■ **SUPPLIED RECORDS**
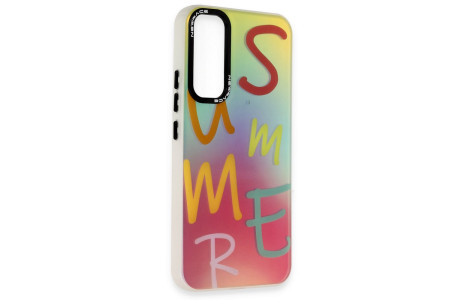 Newface Samsung Galaxy A34 5G Kılıf Estoril Desenli Kapak - Estoril - 3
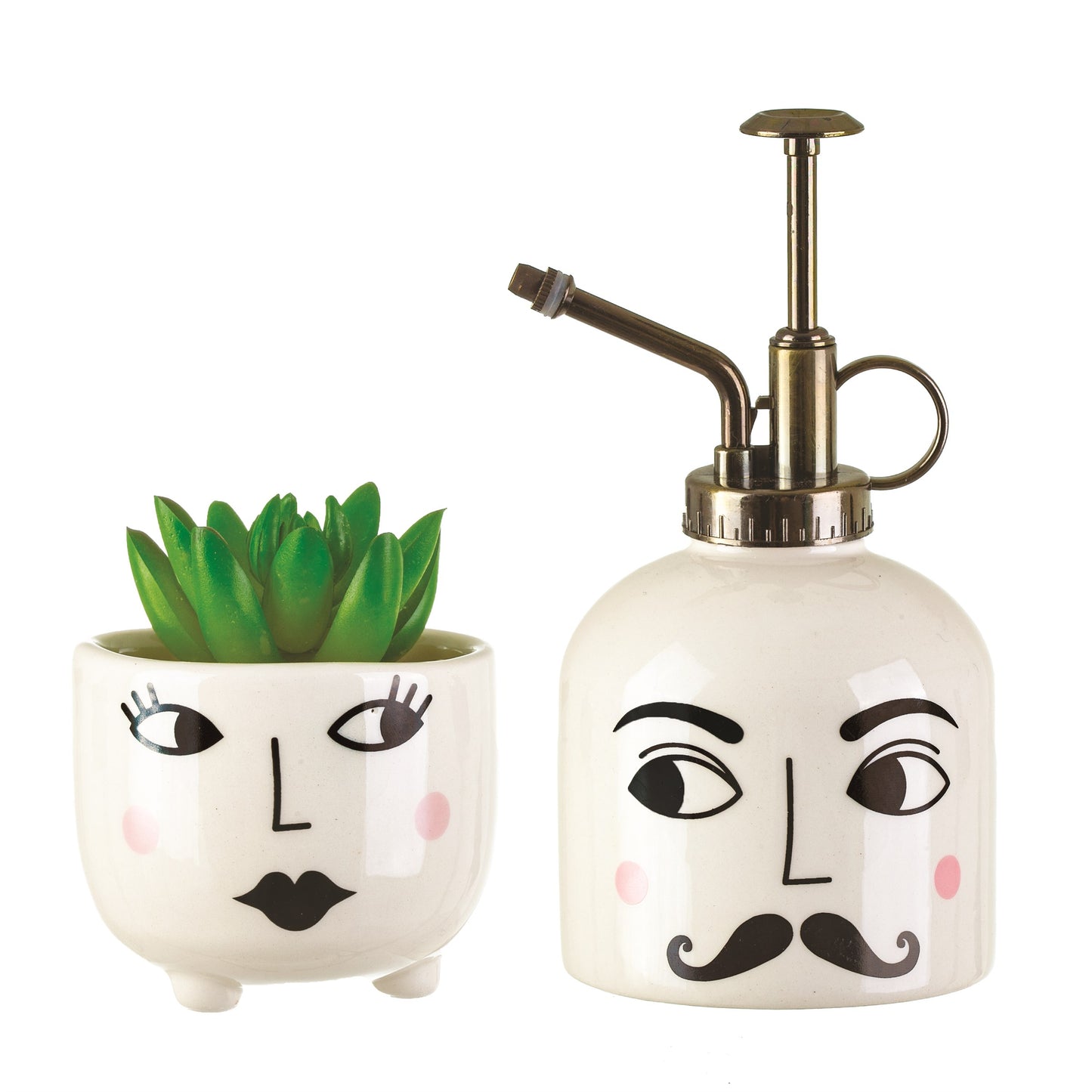 Mr & Mrs Plant Set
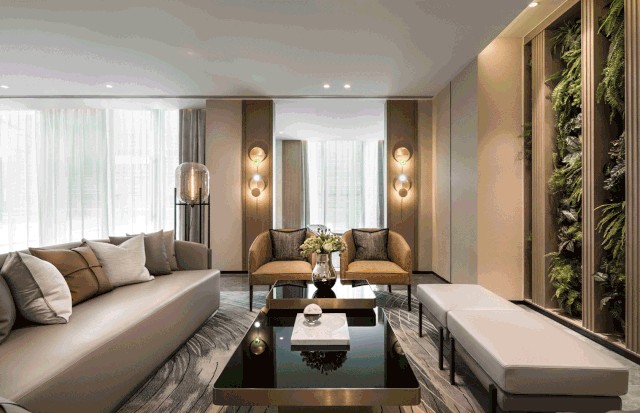 苏州九龙仓逅湾花园会所丨中国苏州-0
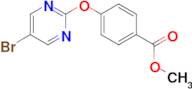 5-Bromo-2-[(4-methoxycarbonyl)phenoxy]pyrimidine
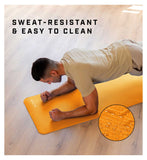 KG Physio Yoga Mat 8mm Thick Orange 183cm x 60cm, UK version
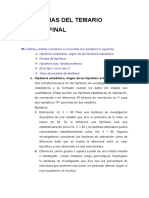 Problemas Del Temario Examen Final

■ **WHAT THE TASK ASKS**
Give the lines from the one containing "5-Bromo-2-[(4-methoxycarbonyl)phenoxy]pyrimidine" through the last line of the material again, exactly and with no pictures, both ends included.

■ **RESULT FOR THIS TASK**
 5-Bromo-2-[(4-methoxycarbonyl)phenoxy]pyrimidine
 KG Physio Yoga Mat 8mm Thick Orange 183cm x 60cm, UK version
 Problemas Del Temario Examen Final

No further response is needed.